Cyber Insecurity: Ashley Madison Encrypted Passwords Cracked
October 9, 2015
By now most people know that the extra-marital affairs website, Ashley Madison, was hacked, and its data posted to the Internet.
This included the passwords to all accounts. However, the site had secured them using a hashing algorithm so slow and mathematically demanding that even those with the most sophisticated computers did not bother trying to crack them. One security expert who did try could only crack .0668% of the passwords, and those only because they were weak.
Surprisingly, a group of amateurs recently announced that they had cracked over 11 million of these passwords. Anticipating 15 million shortly, this represents about 41.7% of all the passwords. The key to their success wasn’t a supercomputer, or the soon-to-be quantum computer, but rather a security flaw making these particular 15 million passwords, in the estimate of one cracker, about one million times faster to crack.
The crackers exploited one of two flaws because an MD5 hashing method, considered weak by most experts, secured the passwords. Unlike the rest of the passwords, which a better but slower hashing secured, these used the faster but more vulnerable MD5 method. Cracking these is the cyber equivalent of getting Al Capone on tax evasion and not murder or racketeering.
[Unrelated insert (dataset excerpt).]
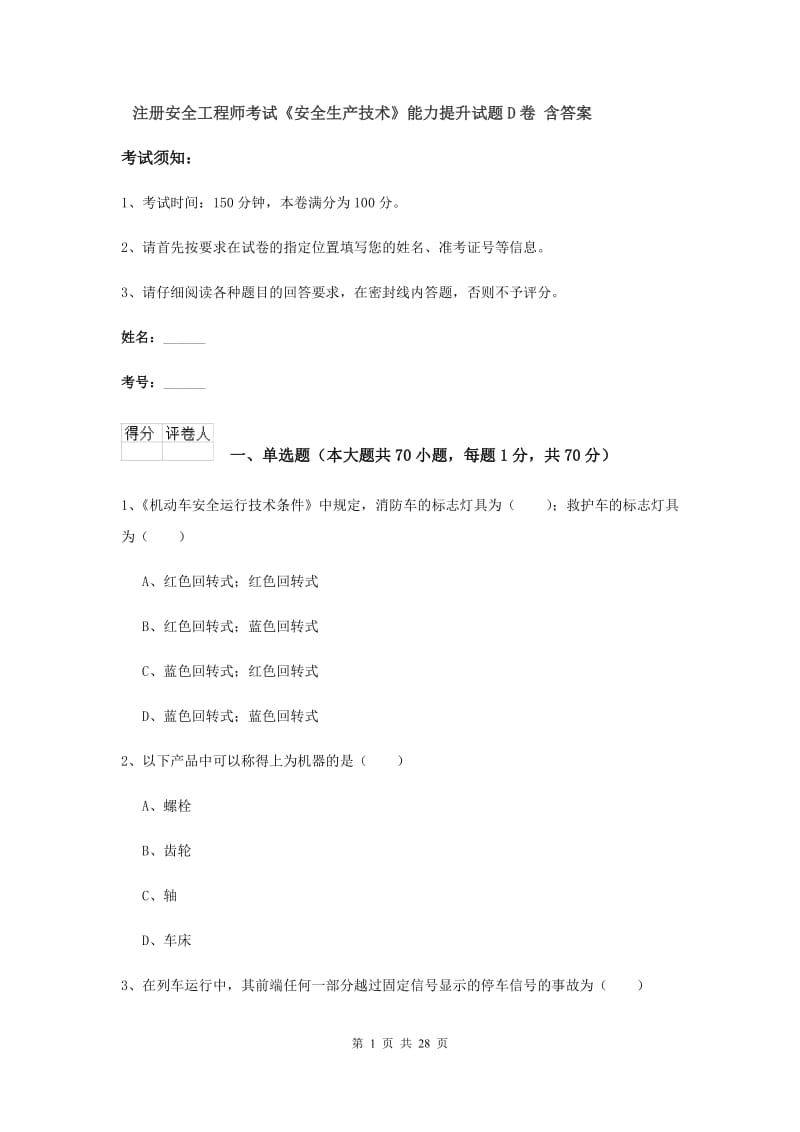 注册安全工程师考试《安全生产技术》能力提升试题D卷 含答案.doc_第1页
It seems that Ashely Madison was generally aware of this flaw because it could have rehashed the unsecured passwords but didn’t. One of the team cracking the passwords told Ars Technica, “We can only guess at the reason the [hash] value was not regenerated for all accounts. [Perhaps], the company did not want to take the chance of slowing down their site while the [hash] value was updated for all 36+ million accounts.”
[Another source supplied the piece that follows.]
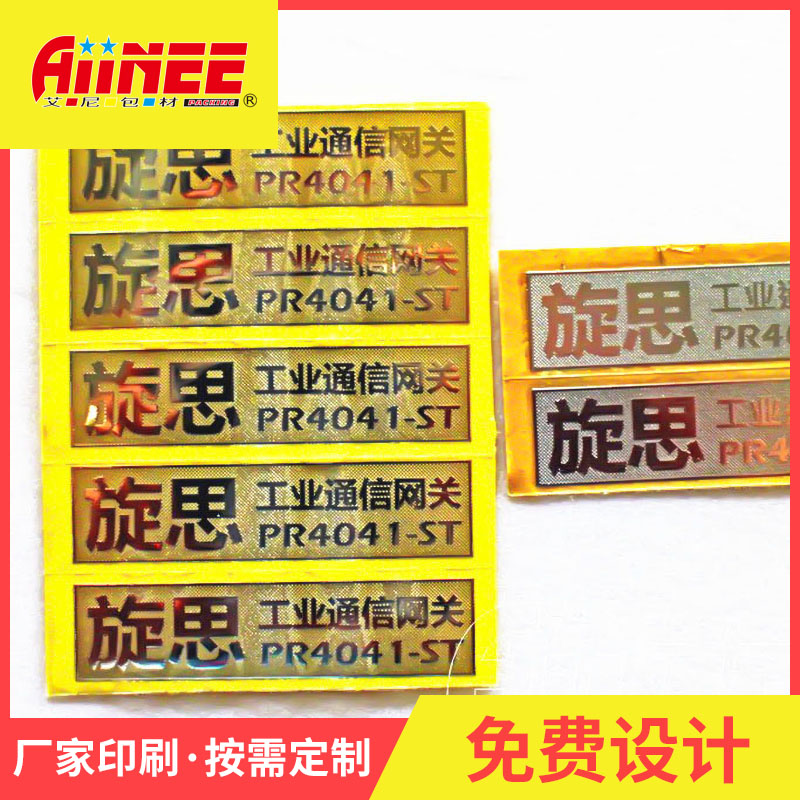 金属标签贴纸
The cracking of these passwords demonstrates two important points. As always, it is necessary to have at least a moderately strong password. Even the best security algorithms cannot truly protect weak passwords. Also, even if the currently used encryption method is highly secure, artifacts or other parts of a system with less security can still be compromised. Further, there is a real danger of a snowball effect. That is, once crackers expose the weak parts of an encryption, they can use the information gained from those cracks to compromise better encryption elsewhere.
In a situation like this, where Ashley Madison engineers seemed aware of the problem but chose not to correct it for efficiency purposes, the aggrieved users of the site could assert claims of gross negligence in a class action setting. The facts and circumstances of this incident make that unlikely. However, were the site more innocuous, that threat would be real.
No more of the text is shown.